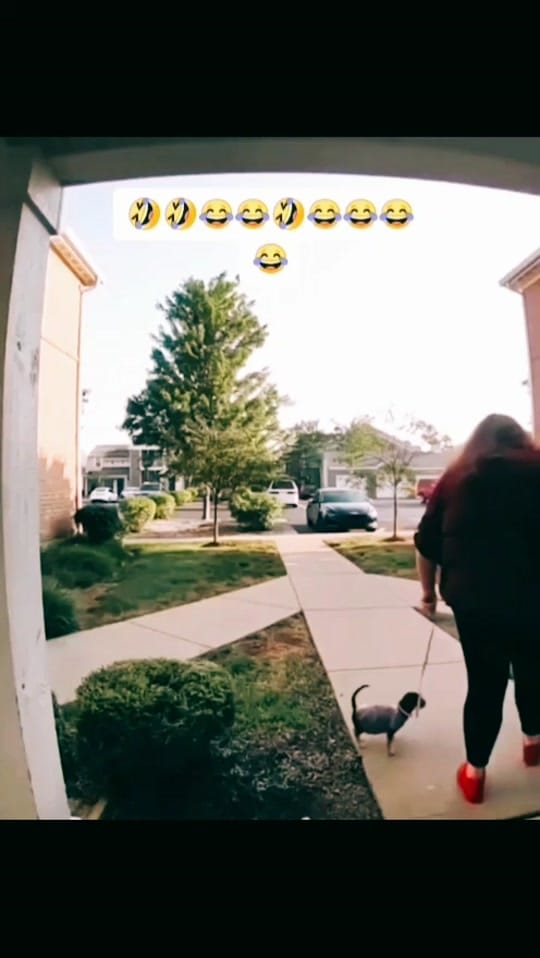 Post 4 by Claudia Sârbu on TikTok (video)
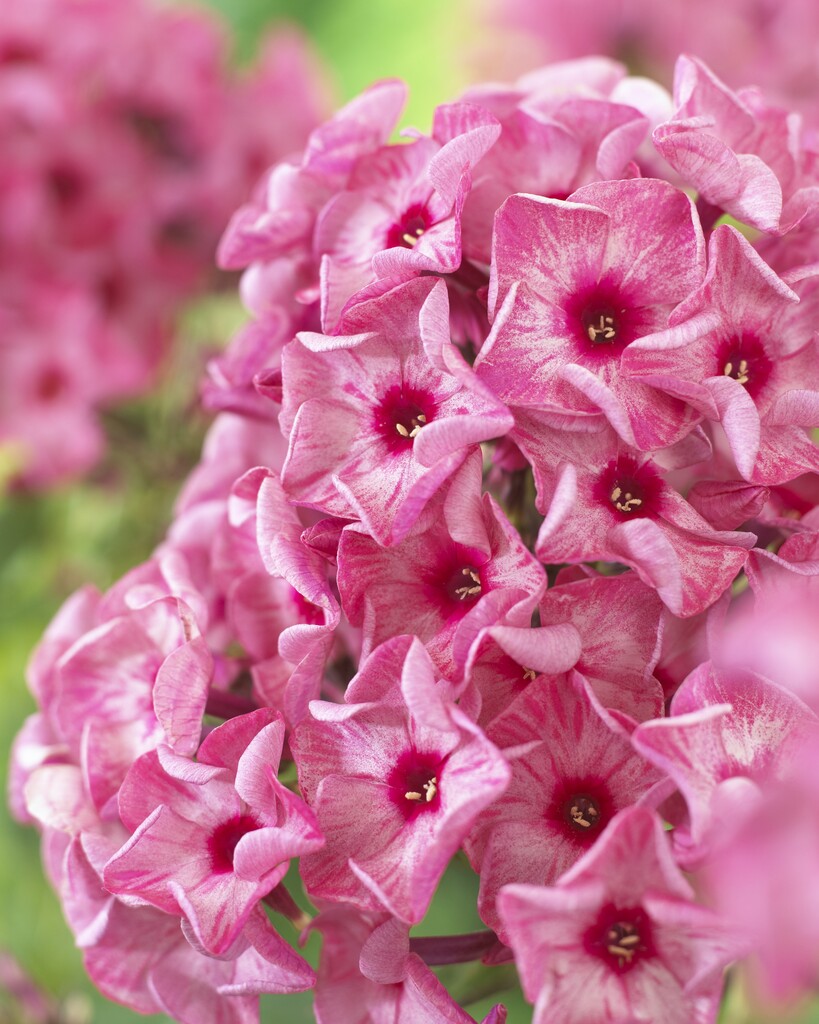 Phlox Paniculata Stars and Stripes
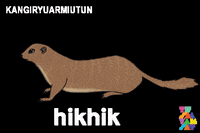 Inuvialuit GIF by Tusaayaksat Magazine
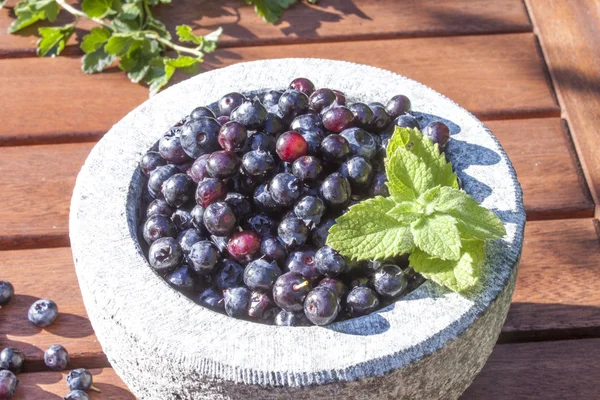 Bush blueberries vaccinium corymbosum — Stock Photo, Image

------------------------------------

Your instructions » What do the lines above say from the line containing "Inuvialuit GIF by Tusaayaksat Magazine" through the last line? Quote them exactly, both ends included, and leave out the pictures.

Your response »
 Inuvialuit GIF by Tusaayaksat Magazine
 Bush blueberries vaccinium corymbosum — Stock Photo, Image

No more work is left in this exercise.